A Little Night Music

London at 4am is a lot different than London at 4pm. The changes can be subtle, like a shadow sneaking across the ground when the sun is behind a cloud, but they make a world of difference. In this case, the place is Leicester Square. During the day it is booming with tourists and theatre-goers cramming in lines to buy tacky souvenirs and get discount theatre tickets. At night the young of the town gather together: Music blares from venues on every corner and men in sharp suits stand in the street and try to coerce passer-bys to enter their club and buy their bar's drinks.
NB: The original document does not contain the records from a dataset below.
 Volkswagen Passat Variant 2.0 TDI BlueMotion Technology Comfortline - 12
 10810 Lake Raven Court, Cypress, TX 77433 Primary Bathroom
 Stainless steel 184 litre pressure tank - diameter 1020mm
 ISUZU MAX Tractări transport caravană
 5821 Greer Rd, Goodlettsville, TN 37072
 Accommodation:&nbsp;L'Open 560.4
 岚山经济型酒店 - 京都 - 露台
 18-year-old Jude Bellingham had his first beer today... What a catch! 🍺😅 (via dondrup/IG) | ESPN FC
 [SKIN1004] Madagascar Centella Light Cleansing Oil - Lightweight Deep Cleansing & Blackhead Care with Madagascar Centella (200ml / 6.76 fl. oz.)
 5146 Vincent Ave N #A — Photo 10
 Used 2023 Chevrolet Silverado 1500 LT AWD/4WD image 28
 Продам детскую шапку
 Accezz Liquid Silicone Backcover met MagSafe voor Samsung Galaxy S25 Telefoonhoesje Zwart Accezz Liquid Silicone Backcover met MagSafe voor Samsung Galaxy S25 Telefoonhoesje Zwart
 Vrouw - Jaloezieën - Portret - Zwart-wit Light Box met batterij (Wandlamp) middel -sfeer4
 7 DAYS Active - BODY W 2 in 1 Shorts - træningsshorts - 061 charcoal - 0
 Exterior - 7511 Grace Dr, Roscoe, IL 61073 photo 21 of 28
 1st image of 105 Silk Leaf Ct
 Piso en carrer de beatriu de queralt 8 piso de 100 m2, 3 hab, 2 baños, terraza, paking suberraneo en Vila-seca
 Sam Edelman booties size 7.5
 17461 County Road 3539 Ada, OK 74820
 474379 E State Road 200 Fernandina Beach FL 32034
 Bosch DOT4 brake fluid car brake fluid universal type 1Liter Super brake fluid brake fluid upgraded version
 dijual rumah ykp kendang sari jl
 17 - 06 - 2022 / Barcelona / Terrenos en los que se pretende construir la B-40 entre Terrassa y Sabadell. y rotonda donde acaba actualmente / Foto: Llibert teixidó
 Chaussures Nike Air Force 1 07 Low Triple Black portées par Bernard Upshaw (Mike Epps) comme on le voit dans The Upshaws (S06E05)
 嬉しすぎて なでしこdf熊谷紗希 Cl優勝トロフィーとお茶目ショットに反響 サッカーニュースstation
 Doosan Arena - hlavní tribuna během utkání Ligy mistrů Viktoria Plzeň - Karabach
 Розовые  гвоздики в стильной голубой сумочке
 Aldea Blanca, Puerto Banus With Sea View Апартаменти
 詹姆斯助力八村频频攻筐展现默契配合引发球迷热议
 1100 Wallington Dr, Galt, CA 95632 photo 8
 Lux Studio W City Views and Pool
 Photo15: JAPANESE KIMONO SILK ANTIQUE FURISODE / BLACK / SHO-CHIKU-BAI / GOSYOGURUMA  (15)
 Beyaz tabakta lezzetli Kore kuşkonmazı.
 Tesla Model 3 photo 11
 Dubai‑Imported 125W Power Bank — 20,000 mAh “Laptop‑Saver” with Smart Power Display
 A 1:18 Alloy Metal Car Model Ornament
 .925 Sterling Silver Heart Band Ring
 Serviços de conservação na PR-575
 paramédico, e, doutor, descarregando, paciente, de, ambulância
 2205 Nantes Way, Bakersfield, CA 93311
If you're not careful you could roped into a line longer than the square and an obscene cover charge before you have a chance to get your bearings.
So you find a joint that suits your mood (in our case a little rave called Walkabout with a colorfully lit dance floor, a pretty good DJ and 1.50-pound drinks for students on Wednesdays), you go to the bar and get a drink (maybe a few rounds of shots with your friends), find a spot on the dance floor and groove the morning away until your feet are sore and the place is closing for the night. You wander happily into the street, sometimes with some new friends and sometimes not, and it's then that you start to see the changes.
Everything is quiet. Light traffic makes its way down the streets, taking care to not hit a stumbling drunk, and groups of people chatter quietly. The square itself is now eerily empty. A girl is violently drunk and takes a swing at two police officers. One grabs her in a headlock and pins her to the ground, while the second (after telling her friend, quite forcefully, to step back) pins down her legs to keep her from kicking. There is a shout and a rhythmic clack of shoes against the pavement as drunk spectaters circle around to watch the event unfold, no doubt not quite ready to retire for the night and looking for one last adventure.
The only people out right now are young adults, like ourselves; police officers; taxi and bus drivers; a lone hot dog street vendor here and there; and bikers trying to earn a wage carrying people to and fro in the carriages they tow. We make our way to Picadilly Circus where the giant TV adverts (reminescent of Times Square in Manhattan) are still blazing forth their silent beacons, impervious to the passing of day to night. The bronze horses prance forth from the gentle rumbling of the fountain they make and a sound cuts through the silence. It is smooth and golden, flowing through the night like silk on the wind, the tone warm like the center of a new loaf of bread. It is a solo saxophonist, playing his blues into the night, maybe hoping for a pound or two from a passing stranger.
This is the song we're left with as we hop onto the night bus and home to our beds.